TASK INPUT ->

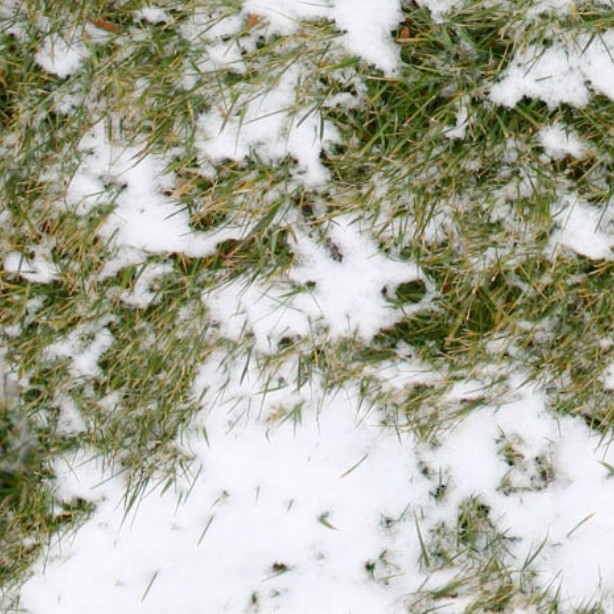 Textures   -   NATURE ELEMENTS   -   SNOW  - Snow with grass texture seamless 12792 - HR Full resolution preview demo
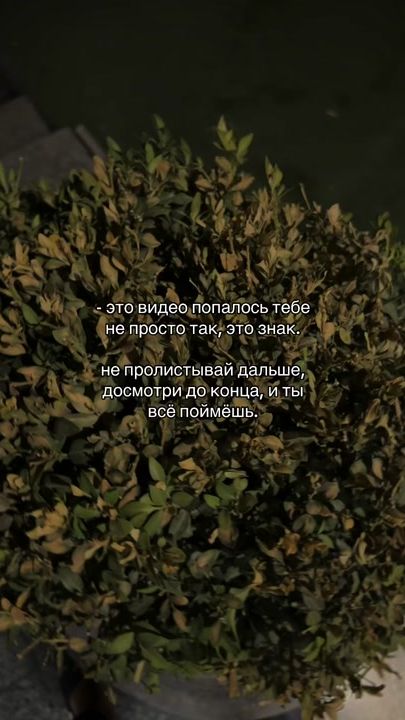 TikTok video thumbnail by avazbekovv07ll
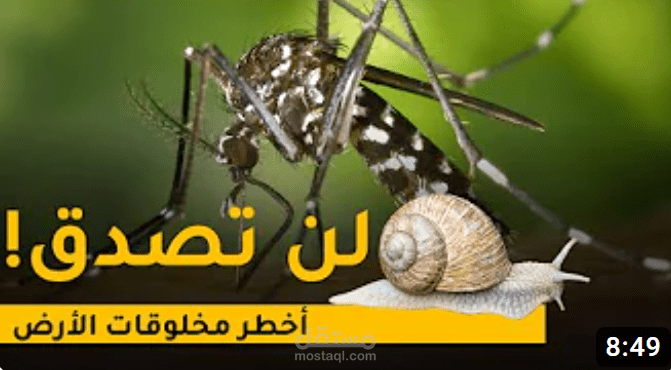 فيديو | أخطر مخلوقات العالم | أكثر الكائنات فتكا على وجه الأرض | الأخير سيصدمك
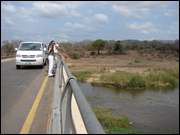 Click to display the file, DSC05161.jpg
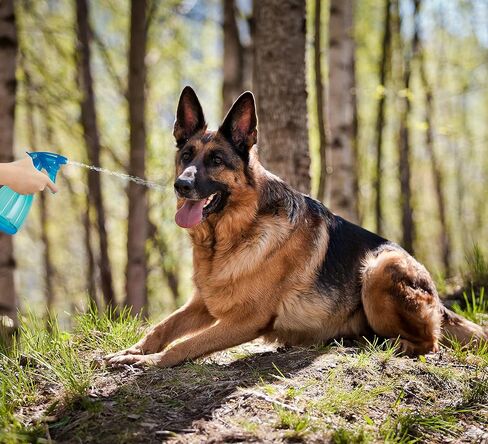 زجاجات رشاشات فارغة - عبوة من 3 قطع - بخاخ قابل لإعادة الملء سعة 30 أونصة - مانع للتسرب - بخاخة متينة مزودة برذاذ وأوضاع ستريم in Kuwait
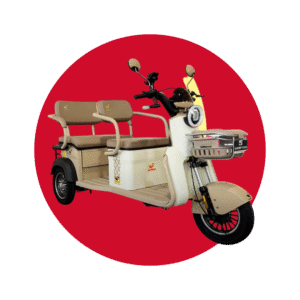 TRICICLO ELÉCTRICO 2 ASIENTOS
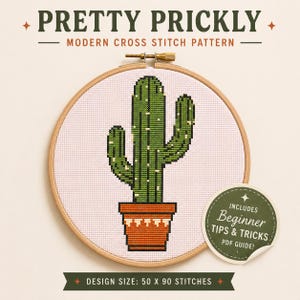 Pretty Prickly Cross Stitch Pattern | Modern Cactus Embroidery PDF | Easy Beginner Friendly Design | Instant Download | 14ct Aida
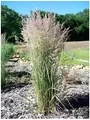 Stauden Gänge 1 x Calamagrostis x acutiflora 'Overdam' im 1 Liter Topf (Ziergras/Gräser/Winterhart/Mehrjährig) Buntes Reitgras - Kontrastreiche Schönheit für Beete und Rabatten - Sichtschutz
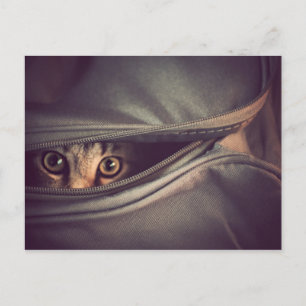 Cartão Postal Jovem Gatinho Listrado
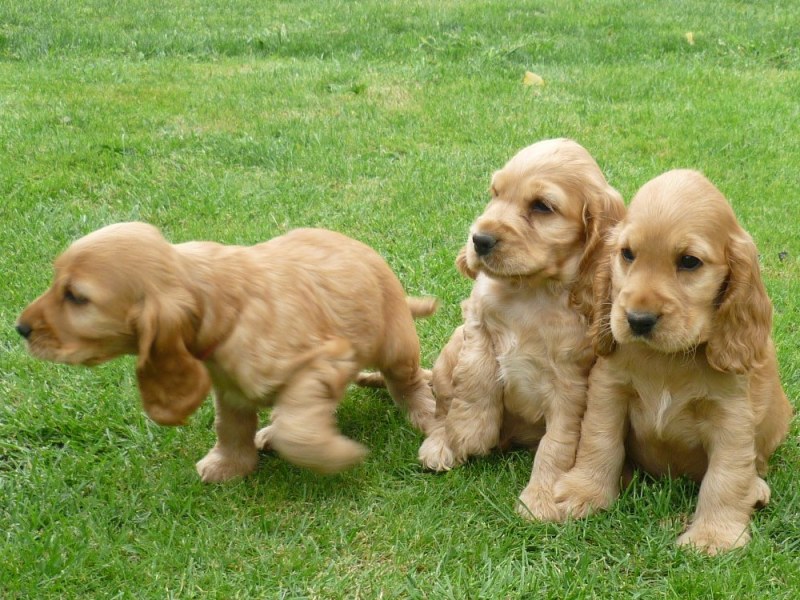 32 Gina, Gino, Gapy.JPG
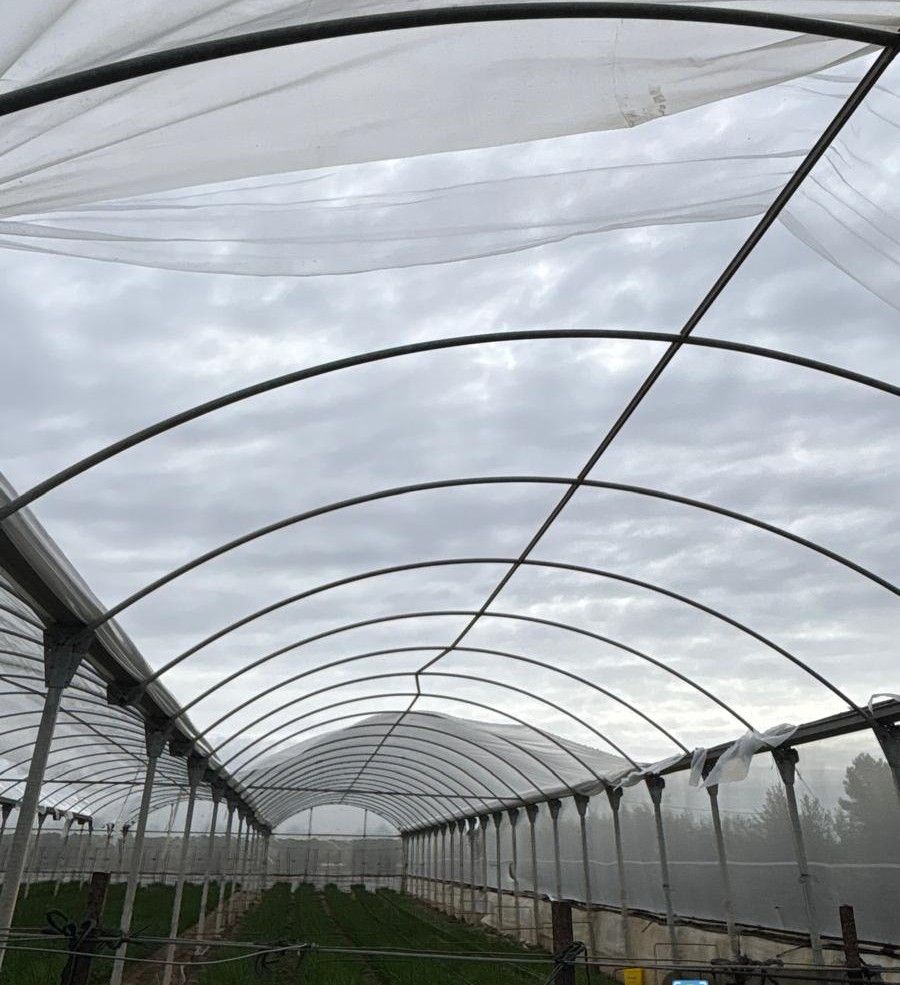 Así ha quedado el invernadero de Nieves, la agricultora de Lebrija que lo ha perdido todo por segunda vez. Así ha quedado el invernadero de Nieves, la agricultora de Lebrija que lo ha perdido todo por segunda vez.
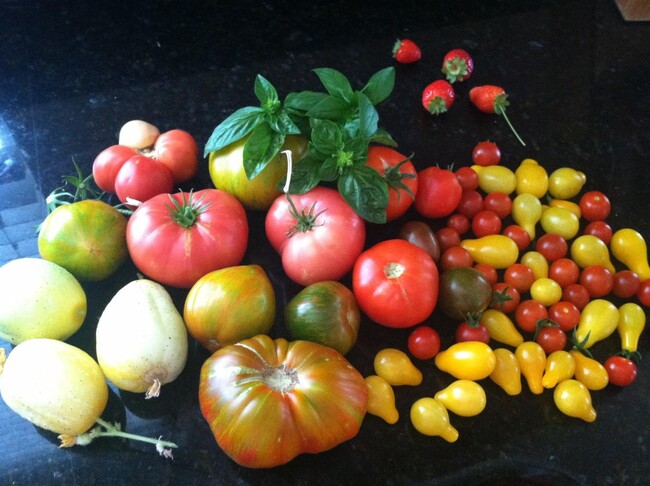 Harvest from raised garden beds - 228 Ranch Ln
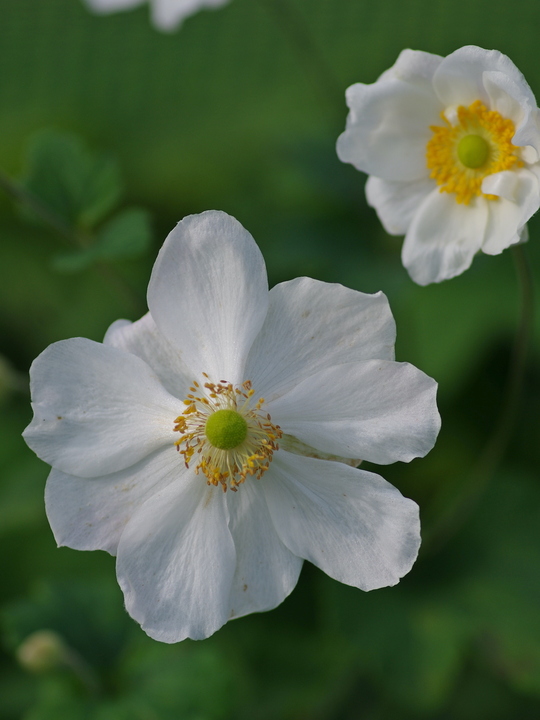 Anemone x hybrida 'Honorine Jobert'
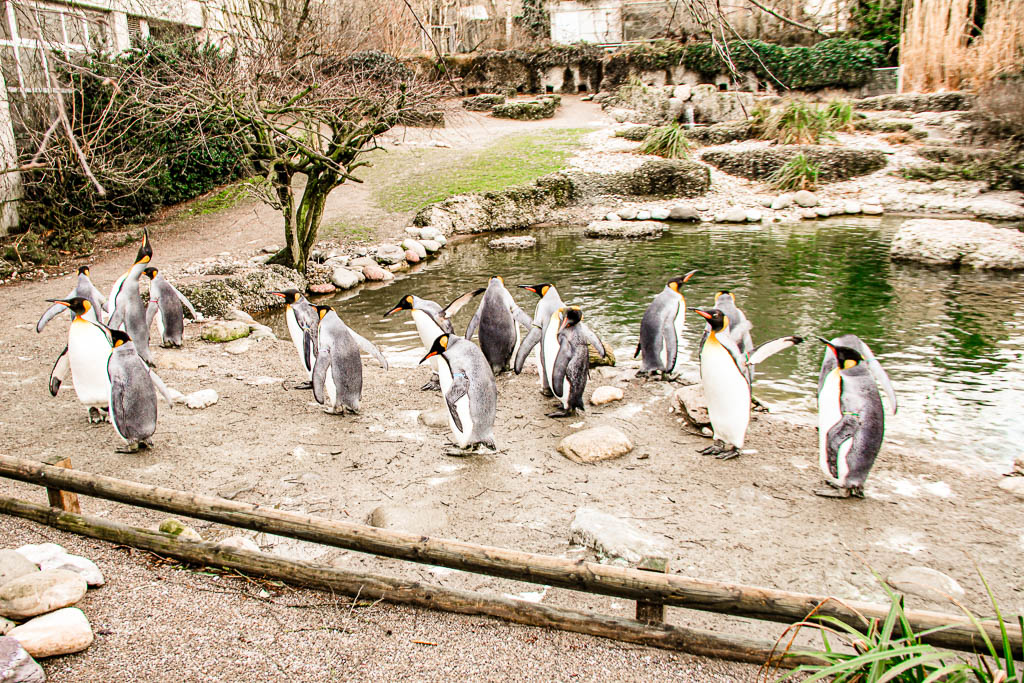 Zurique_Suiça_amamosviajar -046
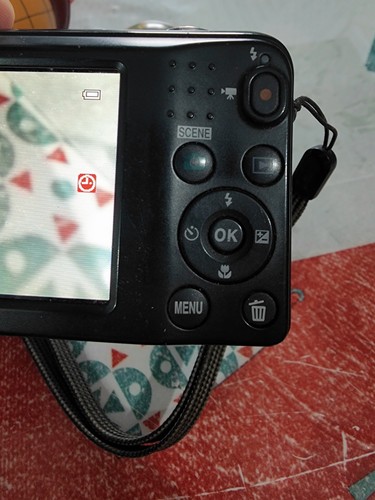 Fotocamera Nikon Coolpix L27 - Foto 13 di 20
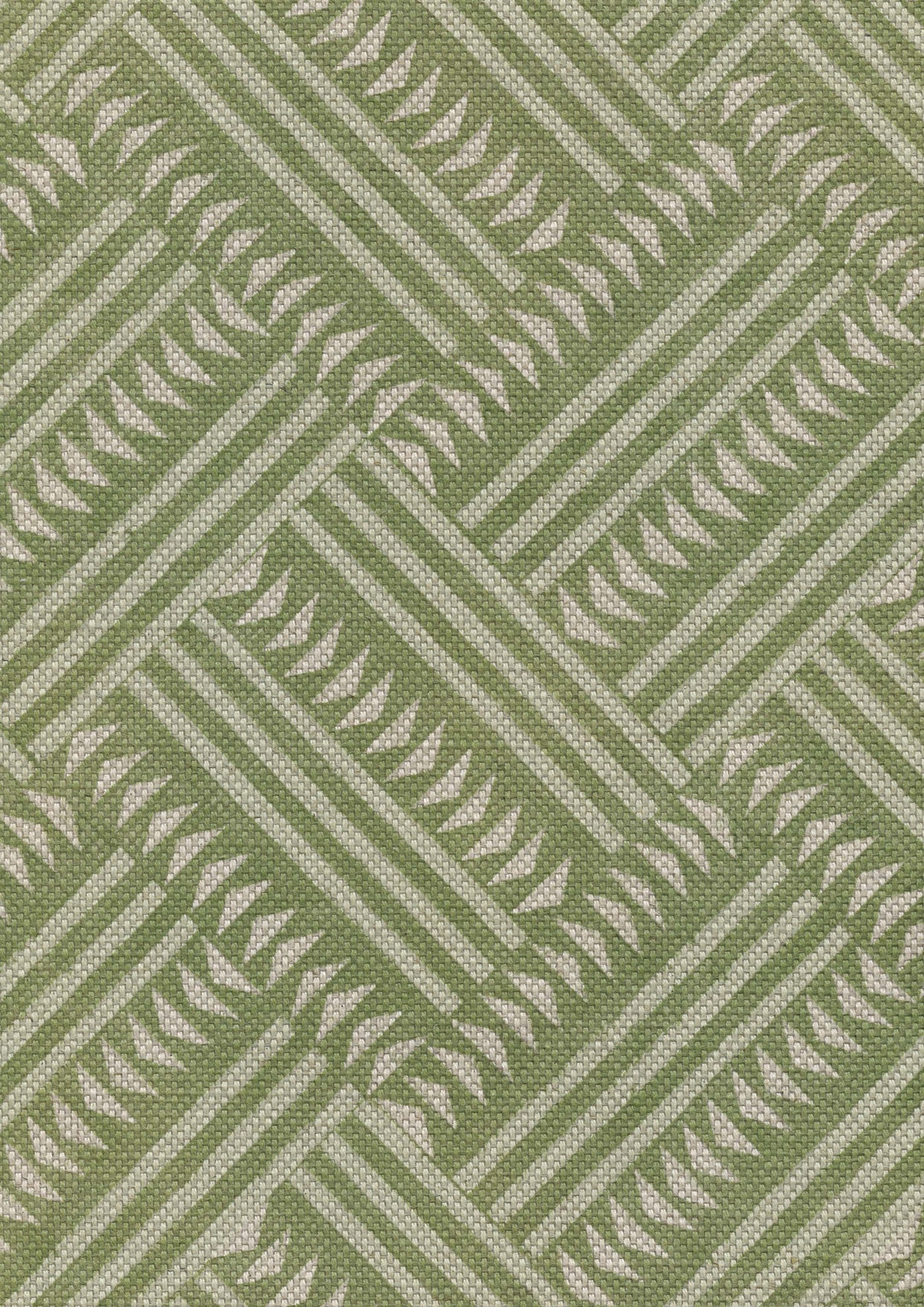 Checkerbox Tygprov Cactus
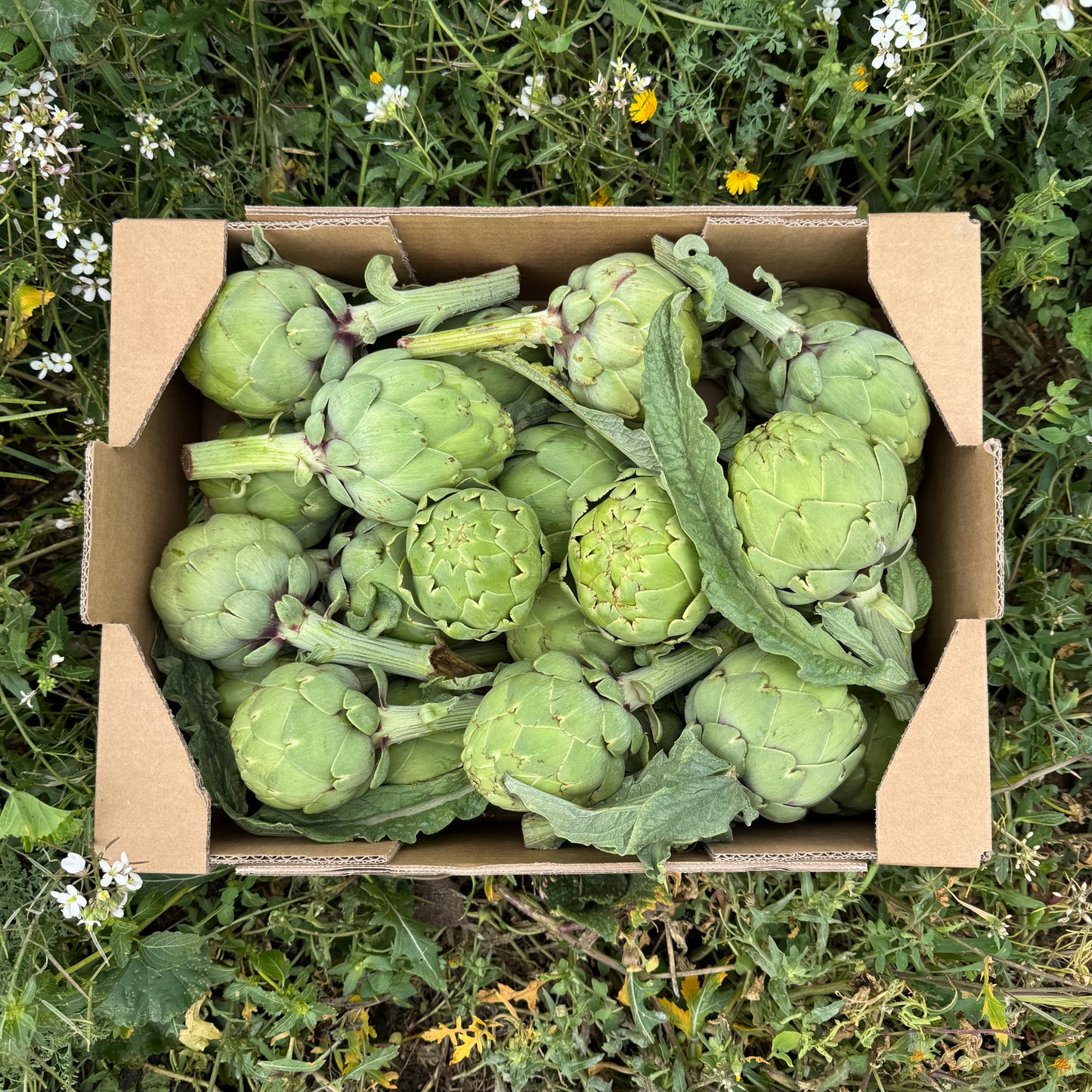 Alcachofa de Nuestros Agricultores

TASK INSTRUCTIONS ->
Look above for the line with "Cartão Postal Jovem Gatinho Listrado"; quote it and every line after it, stopping after the line with "Harvest from raised", exactly, with nothing added and without pictures.

WRITTEN REPLY ->
 Cartão Postal Jovem Gatinho Listrado
 32 Gina, Gino, Gapy.JPG
 Así ha quedado el invernadero de Nieves, la agricultora de Lebrija que lo ha perdido todo por segunda vez. Así ha quedado el invernadero de Nieves, la agricultora de Lebrija que lo ha perdido todo por segunda vez.
 Harvest from raised garden beds - 228 Ranch Ln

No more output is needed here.